WORK TASK: Nothing but the lines from the one containing "this 400×272 image." through the end of the entries should be set down, each exactly as written.

(INFORMATION SHOWN Opens)

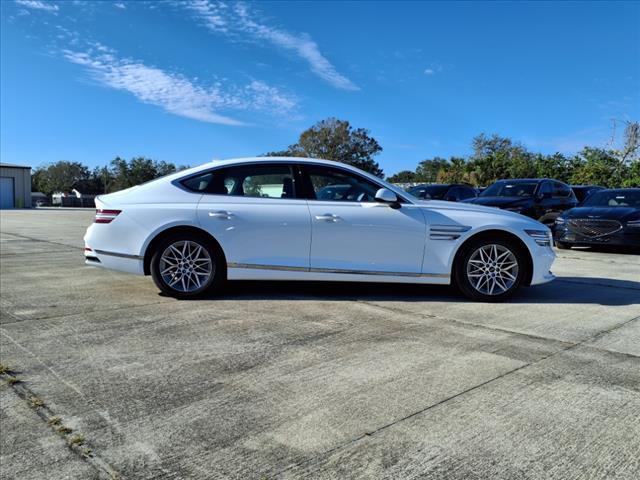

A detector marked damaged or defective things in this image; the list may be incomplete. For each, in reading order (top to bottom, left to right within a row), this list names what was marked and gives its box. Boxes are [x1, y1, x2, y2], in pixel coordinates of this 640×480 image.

cracked pavement [0, 210, 636, 480]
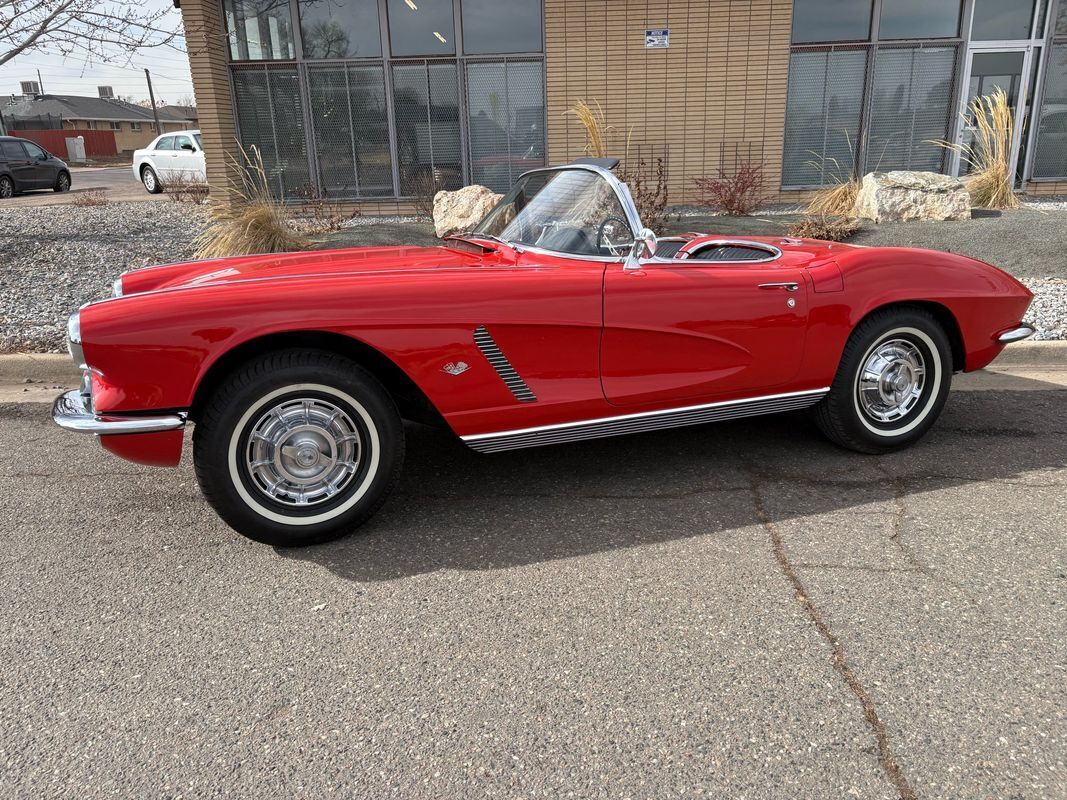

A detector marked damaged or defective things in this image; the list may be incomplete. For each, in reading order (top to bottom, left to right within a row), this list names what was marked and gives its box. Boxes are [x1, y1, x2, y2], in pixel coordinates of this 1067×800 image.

crack in asphalt [751, 473, 917, 800]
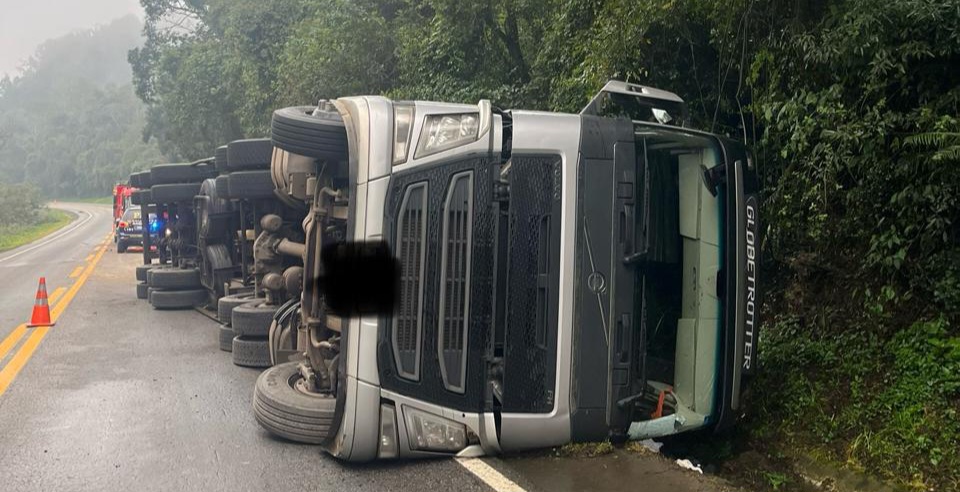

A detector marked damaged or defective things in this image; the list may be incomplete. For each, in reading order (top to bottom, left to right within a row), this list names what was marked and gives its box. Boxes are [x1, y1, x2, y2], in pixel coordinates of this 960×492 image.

overturned truck [251, 80, 760, 462]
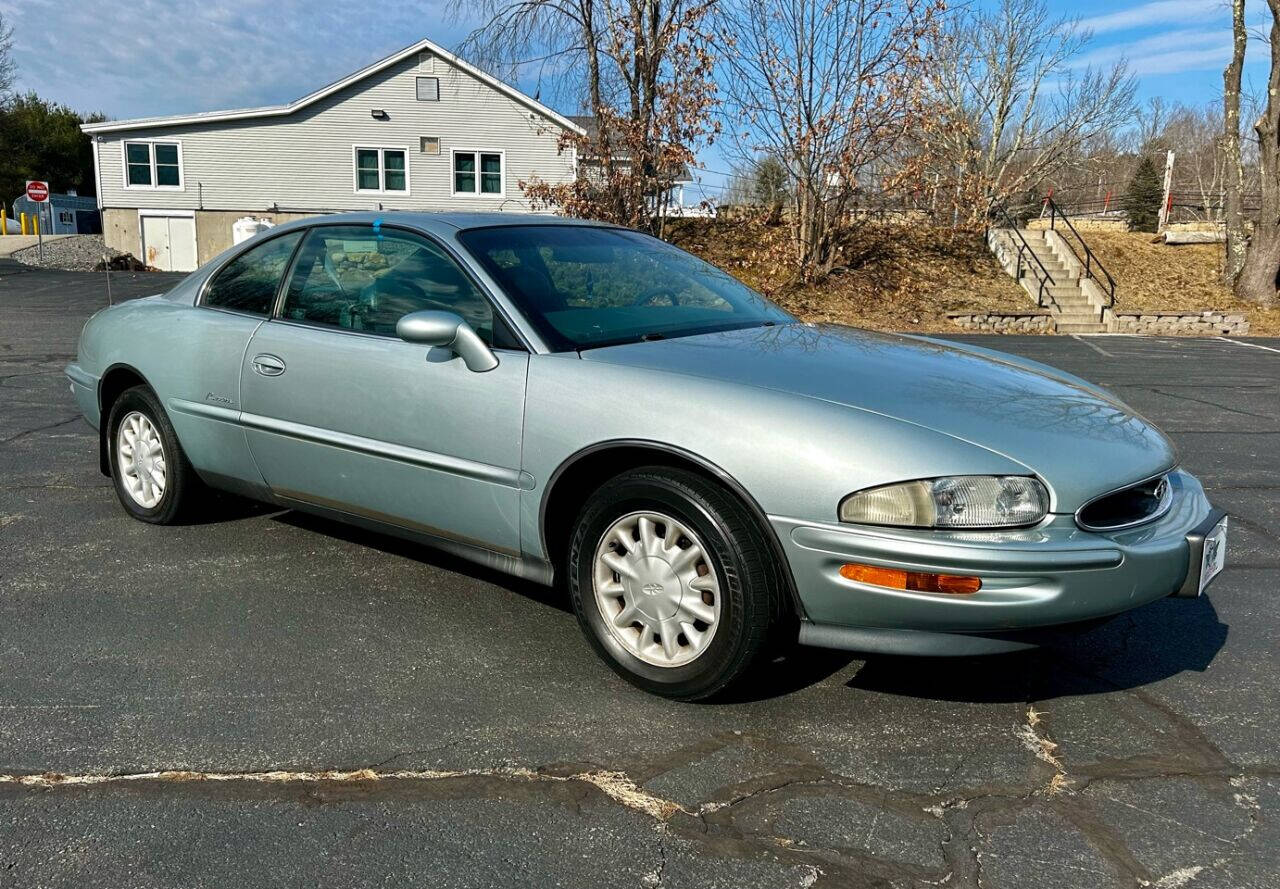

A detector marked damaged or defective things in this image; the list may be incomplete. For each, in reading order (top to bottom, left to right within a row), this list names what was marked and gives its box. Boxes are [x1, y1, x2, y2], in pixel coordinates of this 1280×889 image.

cracked asphalt parking lot [2, 258, 1280, 888]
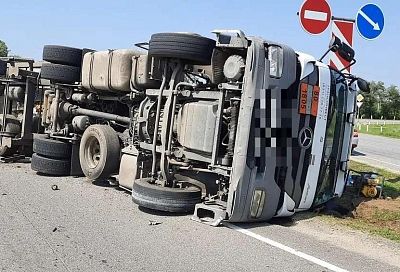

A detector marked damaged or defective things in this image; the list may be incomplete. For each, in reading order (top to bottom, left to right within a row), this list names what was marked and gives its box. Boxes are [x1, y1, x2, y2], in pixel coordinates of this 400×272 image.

overturned truck [34, 30, 366, 224]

(INFORMATION SHOWN Closes)

SOLUTION FOR THIS PROBLEM:
A detector marked damaged or defective things in this image; the list may be incomplete. For each, in reading order (top to bottom, left to right within a row), this list names what was marked and gives its box. Boxes are [x1, y1, x2, y2], in pixel coordinates of this 400×272 image.

overturned truck [34, 30, 366, 224]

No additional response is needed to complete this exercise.